----- DATA RECORDS
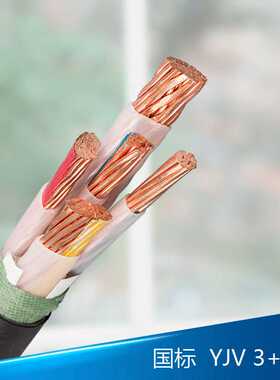 人民电线电缆铜芯国标电力电缆三相五线YJV3*35+2*16低压电缆线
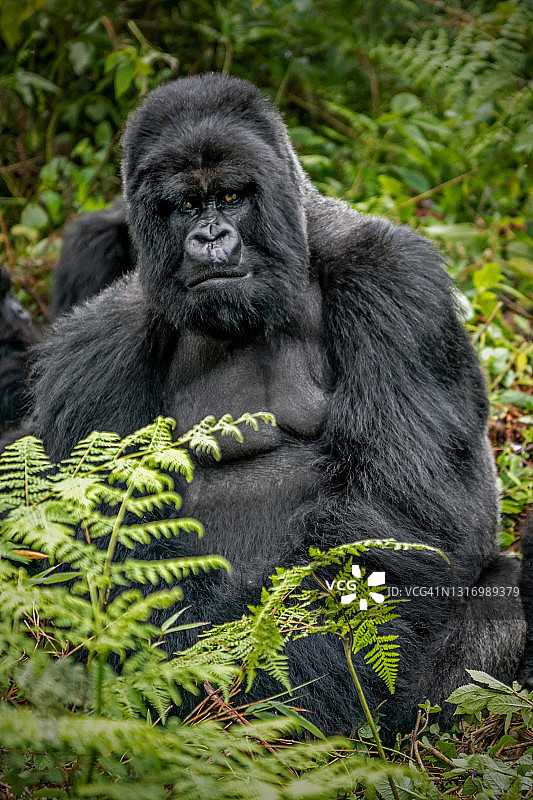 银背山地大猩猩坐在植被中看向镜头的特写图片素材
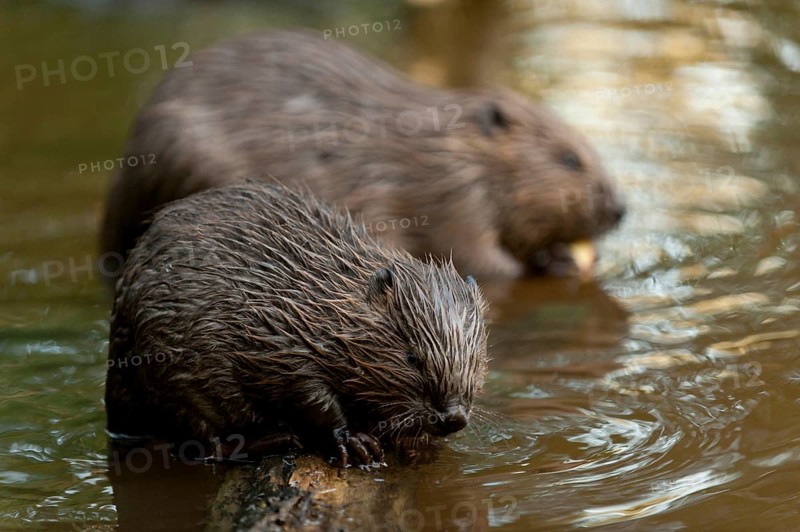 European beaver (Castor fiber) with young, Rosenheim, Bavaria, Germany, Europe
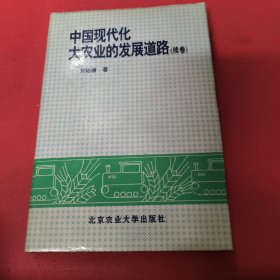 中国现代化大农业的发展道路.续卷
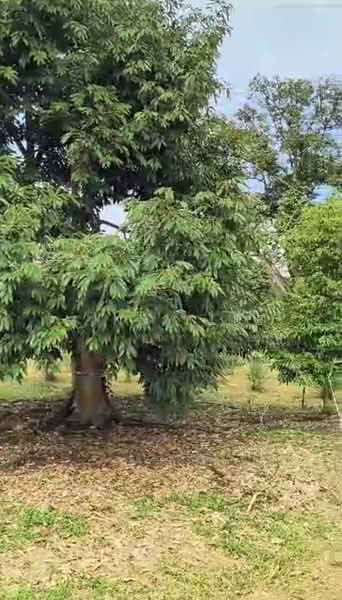 Tanah Pertanian untuk Dijual di Kayu Ara Pasong (Ayer Baloi) - Mindy Lee - Garden - PropertyGuru.com.my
----------
- [WORK TASK]
Please write out the whole listing exactly, but not the pictures in it.

- [SOLUTION TO THIS TASK]
 人民电线电缆铜芯国标电力电缆三相五线YJV3*35+2*16低压电缆线
 银背山地大猩猩坐在植被中看向镜头的特写图片素材
 European beaver (Castor fiber) with young, Rosenheim, Bavaria, Germany, Europe
 中国现代化大农业的发展道路.续卷
 Tanah Pertanian untuk Dijual di Kayu Ara Pasong (Ayer Baloi) - Mindy Lee - Garden - PropertyGuru.com.my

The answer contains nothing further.